As so often with David Cameron, he ignored the minor issues of working out the finances before opening his mouth. He made a commitment to keep UIFSM, relishing in the fact people wouldn’t call him Dave the Dinner snatcher in PMQs any more, without giving any real thought to how it will be paid for. (UIFSM cost £600m, we subsequently saw a £600m cut to the ESG)
The Prime Minister took the decision to “Save” universal free school meals, to the great delight of Catering firms who campaigned to preserve the UIFSM policy, ensuring their “ﬁnancial bonanza” would continue. (The term “financial bonanza” was used to describe UIFSM by no less than Myles Bremner of the School Food Plan, who knows a thing about financial bonanzas after his firm was given £5000 a week by DfE).
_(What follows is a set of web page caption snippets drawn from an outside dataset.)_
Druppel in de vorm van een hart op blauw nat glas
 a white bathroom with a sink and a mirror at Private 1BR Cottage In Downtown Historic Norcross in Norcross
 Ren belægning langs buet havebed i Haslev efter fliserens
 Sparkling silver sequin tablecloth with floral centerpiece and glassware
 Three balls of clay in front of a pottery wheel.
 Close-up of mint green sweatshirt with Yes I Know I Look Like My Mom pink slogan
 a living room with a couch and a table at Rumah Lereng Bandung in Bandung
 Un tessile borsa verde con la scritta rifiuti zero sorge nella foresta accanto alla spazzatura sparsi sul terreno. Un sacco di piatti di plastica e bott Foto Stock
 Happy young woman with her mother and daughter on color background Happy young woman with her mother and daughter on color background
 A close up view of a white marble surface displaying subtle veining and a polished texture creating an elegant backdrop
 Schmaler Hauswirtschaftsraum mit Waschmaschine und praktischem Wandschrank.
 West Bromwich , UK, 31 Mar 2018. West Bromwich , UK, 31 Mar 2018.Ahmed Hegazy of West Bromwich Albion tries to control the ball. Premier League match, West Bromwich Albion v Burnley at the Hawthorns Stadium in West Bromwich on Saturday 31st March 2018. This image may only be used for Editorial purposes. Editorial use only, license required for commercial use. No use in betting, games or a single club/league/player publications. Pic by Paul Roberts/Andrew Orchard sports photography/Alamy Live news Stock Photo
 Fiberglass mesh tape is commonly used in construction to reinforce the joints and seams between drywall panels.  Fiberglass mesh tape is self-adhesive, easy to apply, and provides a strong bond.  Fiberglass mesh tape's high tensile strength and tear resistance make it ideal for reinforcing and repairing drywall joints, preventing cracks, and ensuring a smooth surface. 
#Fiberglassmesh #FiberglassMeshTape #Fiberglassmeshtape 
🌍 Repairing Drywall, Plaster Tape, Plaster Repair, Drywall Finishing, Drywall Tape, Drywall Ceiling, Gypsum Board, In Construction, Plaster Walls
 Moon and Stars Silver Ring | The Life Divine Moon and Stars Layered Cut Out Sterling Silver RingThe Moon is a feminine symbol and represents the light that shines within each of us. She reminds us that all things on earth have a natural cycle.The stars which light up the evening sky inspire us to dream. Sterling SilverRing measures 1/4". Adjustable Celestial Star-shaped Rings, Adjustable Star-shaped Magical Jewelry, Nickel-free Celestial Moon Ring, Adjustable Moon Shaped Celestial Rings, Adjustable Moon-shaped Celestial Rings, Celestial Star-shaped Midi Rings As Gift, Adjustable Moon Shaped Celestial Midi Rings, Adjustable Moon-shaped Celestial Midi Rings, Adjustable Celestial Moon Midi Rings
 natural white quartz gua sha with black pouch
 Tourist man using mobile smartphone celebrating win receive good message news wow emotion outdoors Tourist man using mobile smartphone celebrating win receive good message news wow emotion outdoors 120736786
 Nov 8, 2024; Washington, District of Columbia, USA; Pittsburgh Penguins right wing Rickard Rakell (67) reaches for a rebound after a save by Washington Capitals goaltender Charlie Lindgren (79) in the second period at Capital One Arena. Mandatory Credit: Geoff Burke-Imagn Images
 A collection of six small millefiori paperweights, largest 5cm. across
The PM might not grasp the finances, but be in no doubt, DfE have long understood that the £2.30 funding wasn’t enough (I now know they read my blogs, but that’s another story), but their apathy towards this Lib Dem policy means since the end of the coalition, they have shown no interest in doing anything to help.
It will be fascinating to see how DfE play this now. They must know the steady drip of bad press will increase. Sadly we know from other news stories about the lack of school funding, the DfE instinct is to stick their fingers in their ears, sing La La La and pretend it will all go away. But they also know this is one story that won’t be allowed to disappear.
I can’t make this any simpler
If DfE are going to persevere with the UIFSM policy, they need to increase both the ongoing and capital funding, if they don’t the education of our children will suffer.
I can understand John Vincent resorting to the F word when telling Sam Gyimah the policy needed more cash. Someone in the DFE has to grow some bollocks and either find the money to properly fund the policy or cut the pretense and dump it!